*REQUIRED ACTION*
Below are some records; output exactly the lines from the line with "Baskets En Cuir-Colette-Glitter Violet" to the line with "Stallion Spirit Stained Glass Art", both ends kept, and nothing more.

*DATASET RECORDS*
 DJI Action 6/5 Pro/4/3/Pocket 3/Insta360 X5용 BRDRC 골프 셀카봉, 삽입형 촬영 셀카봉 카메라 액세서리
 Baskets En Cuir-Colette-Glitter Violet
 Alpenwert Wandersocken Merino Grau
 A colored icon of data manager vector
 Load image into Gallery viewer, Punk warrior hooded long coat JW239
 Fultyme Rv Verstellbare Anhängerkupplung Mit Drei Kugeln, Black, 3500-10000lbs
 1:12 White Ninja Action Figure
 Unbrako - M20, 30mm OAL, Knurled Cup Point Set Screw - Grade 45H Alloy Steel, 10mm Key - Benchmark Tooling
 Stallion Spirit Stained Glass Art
---
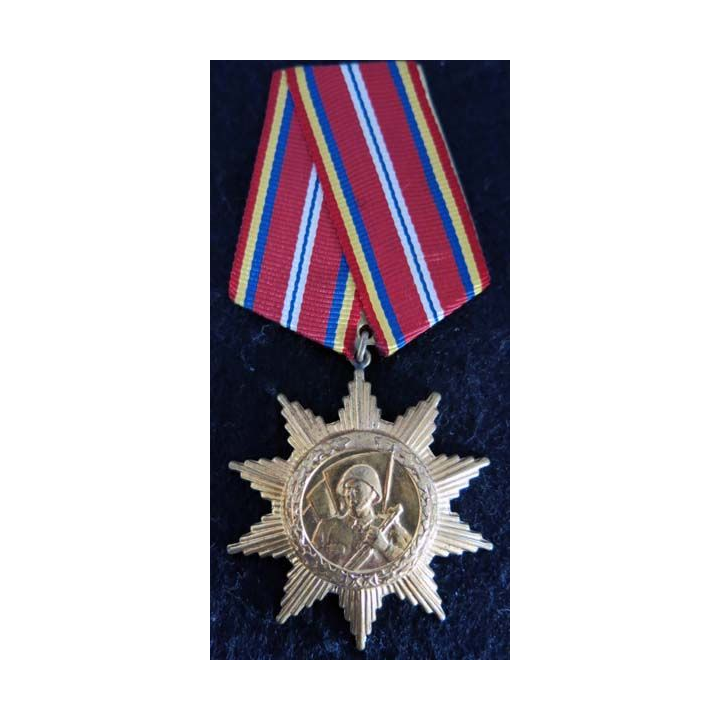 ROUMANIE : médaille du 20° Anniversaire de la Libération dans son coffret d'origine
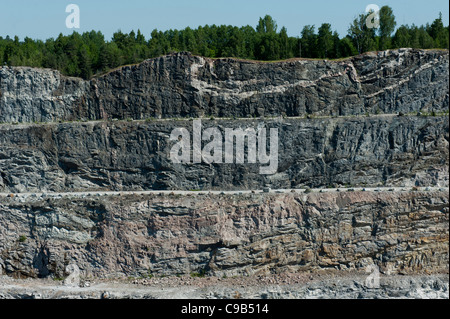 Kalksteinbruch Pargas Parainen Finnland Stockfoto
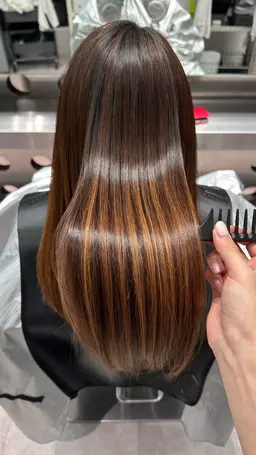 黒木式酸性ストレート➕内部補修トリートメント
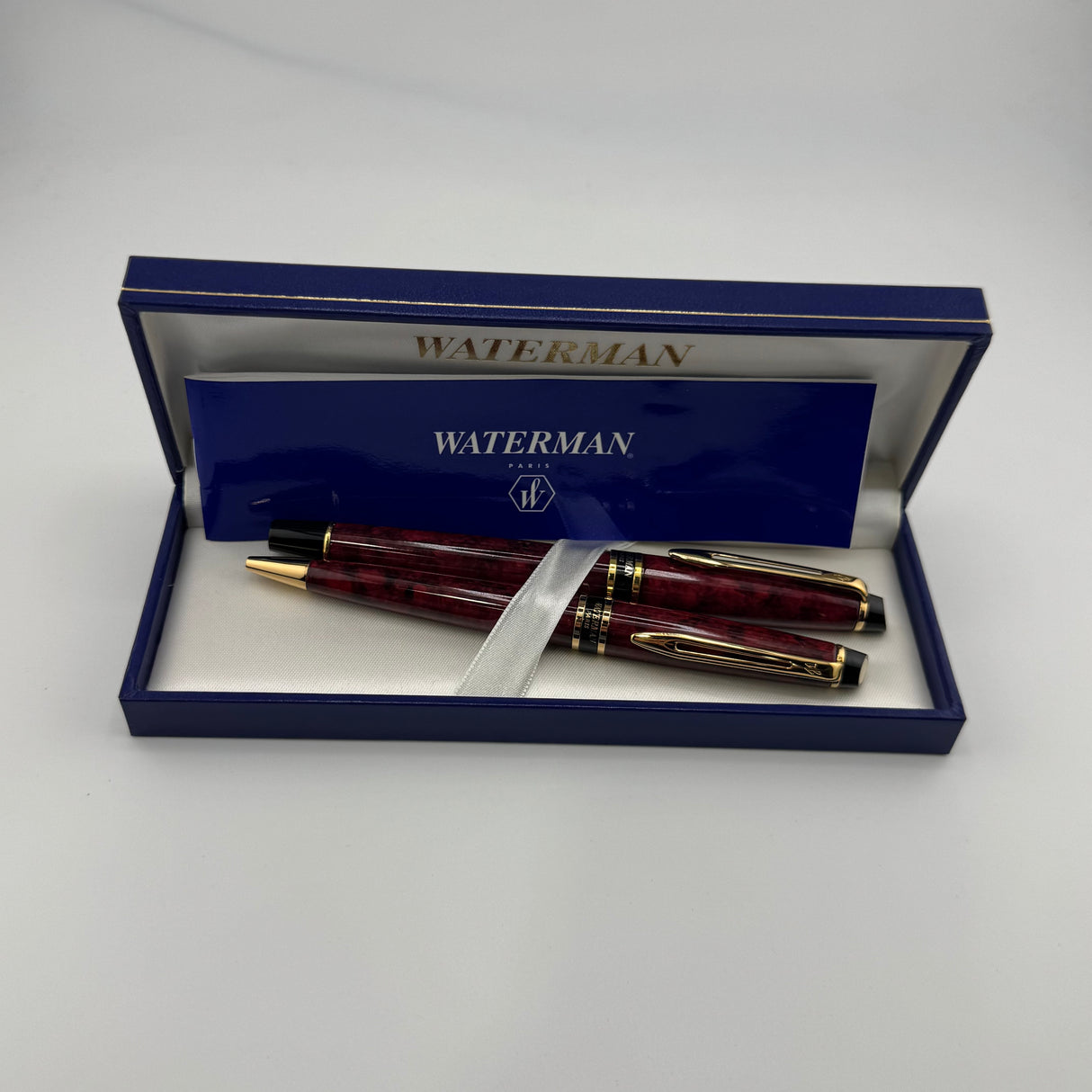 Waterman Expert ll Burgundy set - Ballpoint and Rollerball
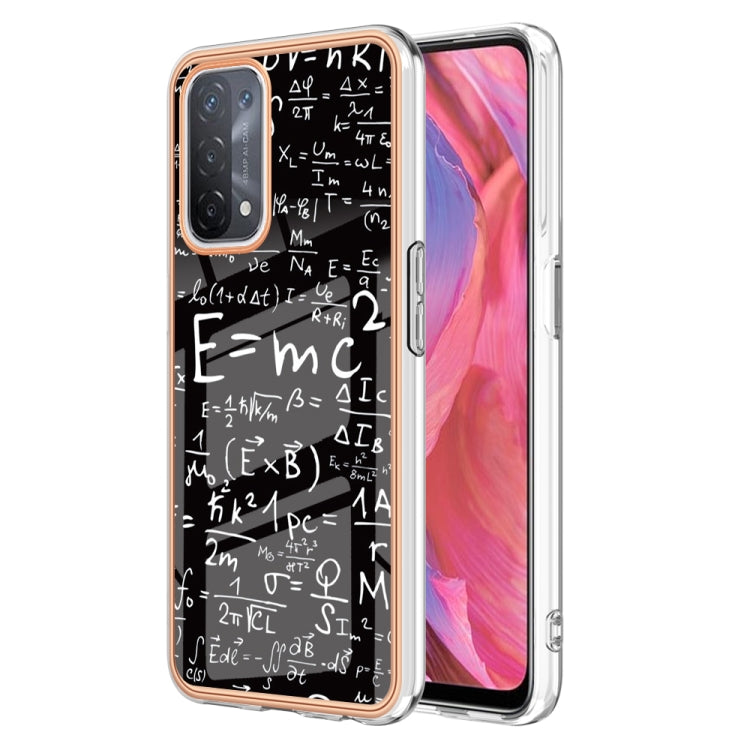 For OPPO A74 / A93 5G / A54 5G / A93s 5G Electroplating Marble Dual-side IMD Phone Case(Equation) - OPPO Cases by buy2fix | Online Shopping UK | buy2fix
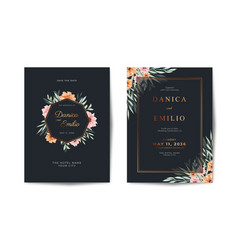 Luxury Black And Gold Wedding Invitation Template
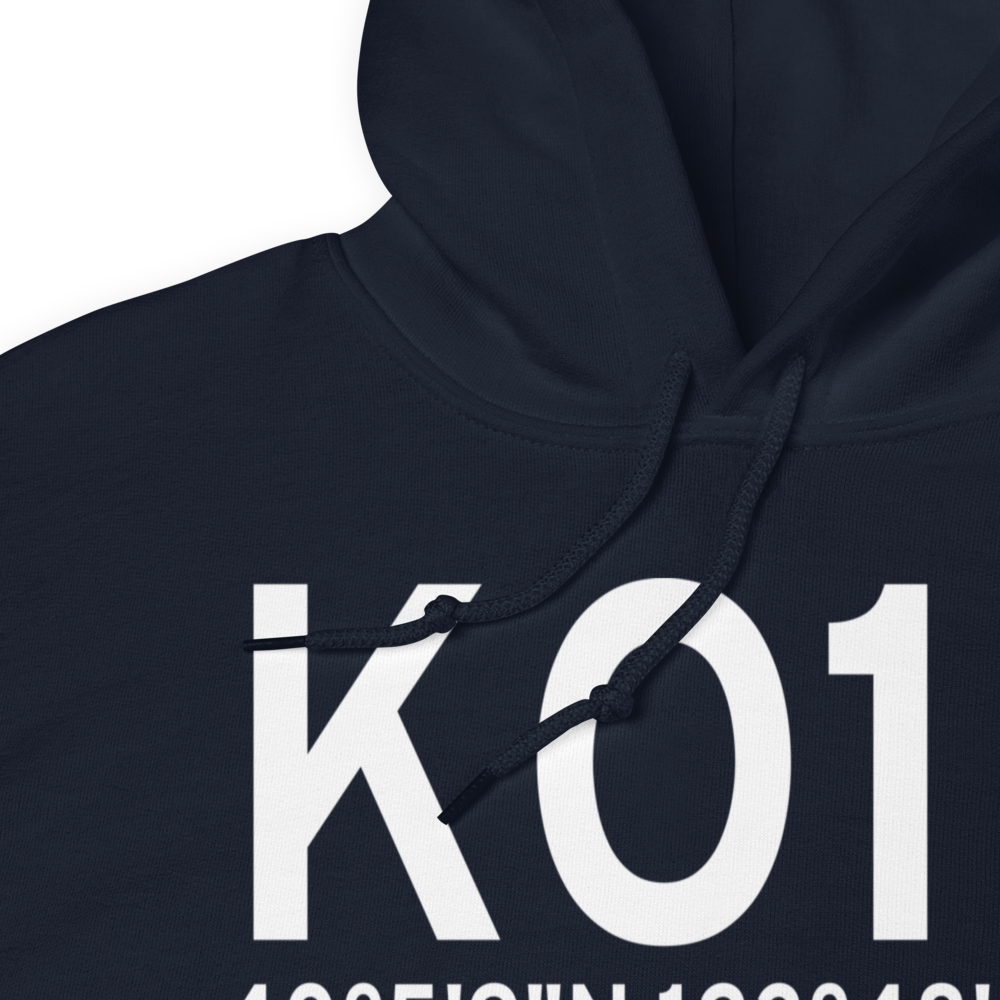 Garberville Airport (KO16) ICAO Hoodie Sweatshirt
==
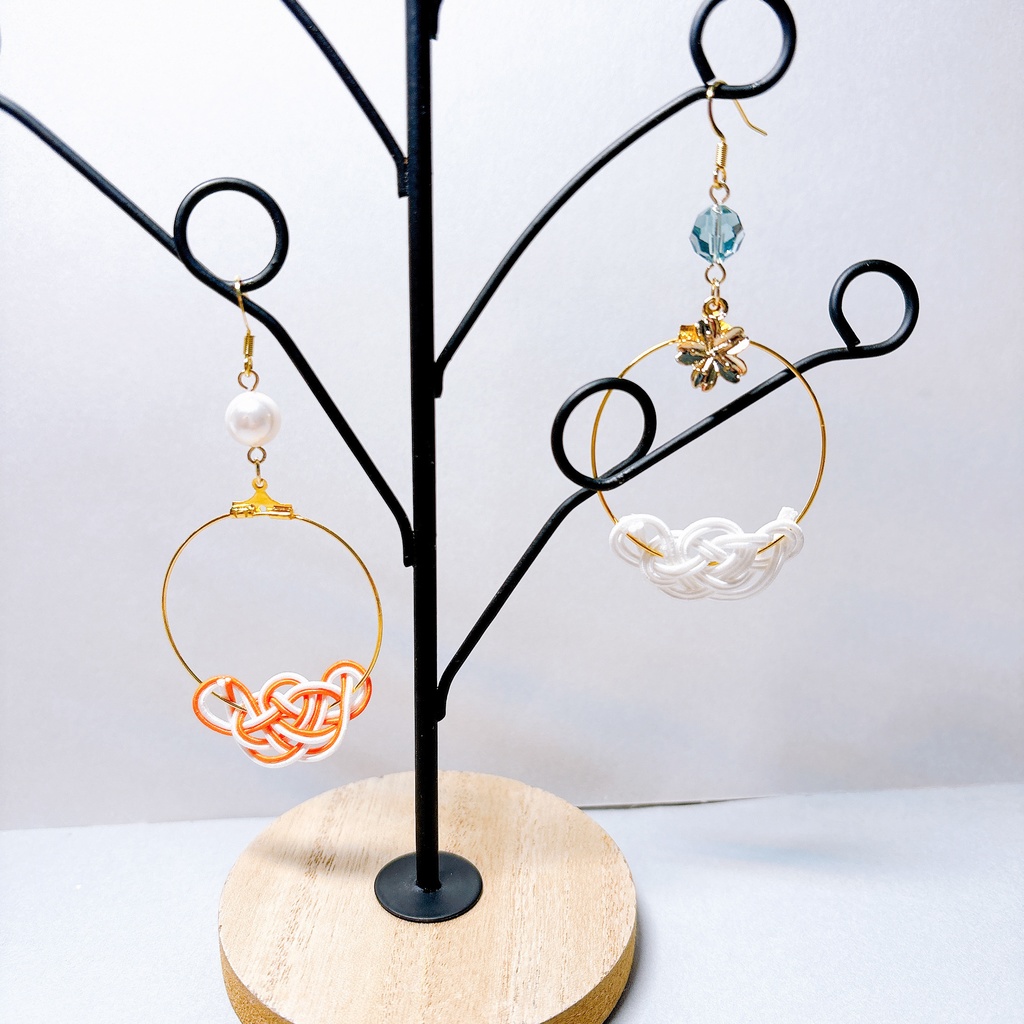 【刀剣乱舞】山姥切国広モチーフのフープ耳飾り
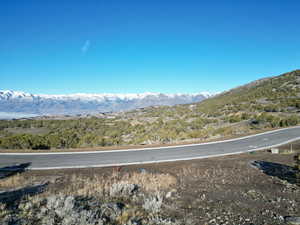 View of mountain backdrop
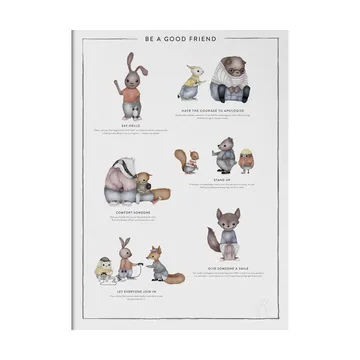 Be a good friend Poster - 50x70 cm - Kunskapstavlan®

*EXERCISE SOLUTION*
 Baskets En Cuir-Colette-Glitter Violet
 Alpenwert Wandersocken Merino Grau
 A colored icon of data manager vector
 Load image into Gallery viewer, Punk warrior hooded long coat JW239
 Fultyme Rv Verstellbare Anhängerkupplung Mit Drei Kugeln, Black, 3500-10000lbs
 1:12 White Ninja Action Figure
 Unbrako - M20, 30mm OAL, Knurled Cup Point Set Screw - Grade 45H Alloy Steel, 10mm Key - Benchmark Tooling
 Stallion Spirit Stained Glass Art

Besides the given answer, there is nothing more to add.